Chanchen ne m'a pas livré tous ses secrets, mais je ne suis pas en panne d'artisanat mexicain pour autant. Il suffit de s'arrêter dans les échoppes de bord de route, ou dans les villages de la Côte, comme Tulum, pour trouver son bonheur.
De la vannerie, des hamacs, des tissus brodés, des tenues yucatèques, des tapis, des nappes, des sacs à dos tissés, des chapeaux, des coussins, des jaguars en bois, etc.
Et…
Ici, deux spécialités fortes : les lustres en "liane", et les "atrapa-sueños" qui devraient plutôt s'appeler "attrape-cauchemars". Vrai quoi, les rêves, on ne veut pas s'en débarrasser, on les garde même jalousement au fond de soi, en espérant un jour les voir réalisés. Enfin, perso, je vous assure que mon rêve secret, je n'ai pas du tout envie de m'en défaire. En revanche, les "pesadillas" ou cauchemars méchants, ceux-là, si on pouvait les faire dégager !
Les lustres en liane me sont expliqués par Farid. Il faut aller dans la jungle, récupérer de solides lianes encore vertes et donc malléables, fabriquer deux cercles que l'on croise, et tresser la matière tant qu'elle n'est pas sèche. Puis faire sécher et donc durcir, et voilà un joli résultat. Au départ, il me confie que le coup de main n'est pas facile à prendre, mais depuis plus d'un an qu'il s'y consacre, ça y est, il est au point. Il fabrique aussi des hamacs, ou des "atrapa-sueños" donc, mais me conseille d'aller rencontrer une femme plus loin, pour la voir travailler.

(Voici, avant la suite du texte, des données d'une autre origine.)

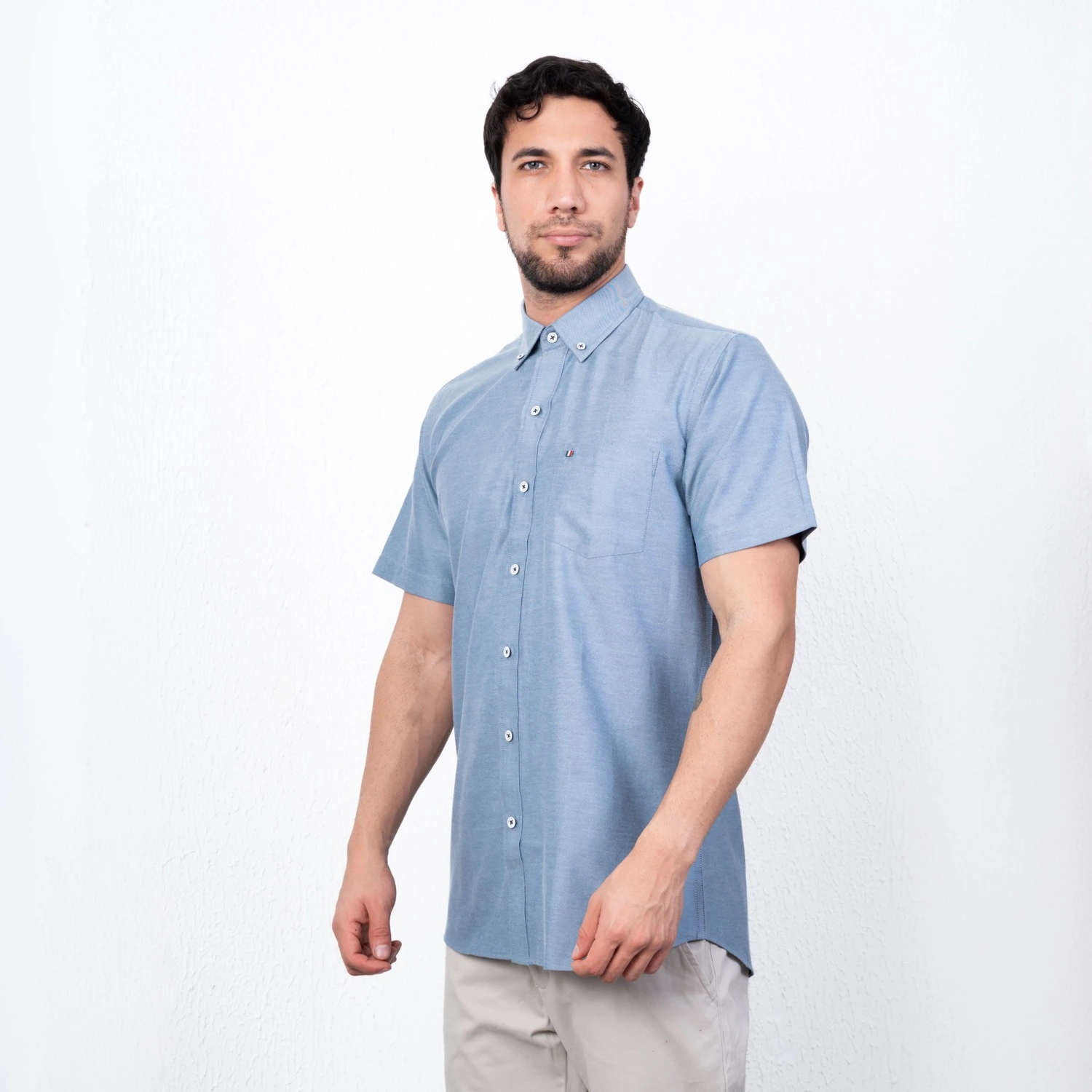 Camisa Oxford manga corta Etiqueta Azul con diseño Francés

Je m'exécute et je rencontre María qui ne parle que le maya. Je sors mon désormais habituel vocabulaire de base, et ses filles font le reste de la traduction. Elle accepte de se laisser photographier en échange d'une pièce, mais je la préviens que je ne suis pas une "Gringa" et qu'elle n'aura pas des fortunes. Je vais lui laisser l'équivalent de 3 euros 50, elle a l'air satisfaite.
Quand j'explique que je pensais la tradition des "atrapa-sueños" propre aux Indiens d'Amérique du Nord, sa fille se récrie aussitôt. Non, non, pas du tout, c'est une vieille tradition maya. Je regrette de n'avoir pas davantage étudié les langues vernaculaires d'Amérique, car je maintiens que la relation entre Mayas, Sioux ou Apaches est forte, très forte. Même les sonorités de la langue sont similaires.
Mais fifille ne veut rien savoir de ses compères Amérindiens, les Mayas ont tout inventé, point. Elle m'explique : l'esprit bienfaisant loge en nous, et nous permet de respirer, de rester en vie, mais l'esprit mauvais entre parfois et nous provoque de méchants cauchemars. L'atrapa-sueños doit être placé au-dessus de la tête, pour attraper les cauchemars et l'esprit mauvais.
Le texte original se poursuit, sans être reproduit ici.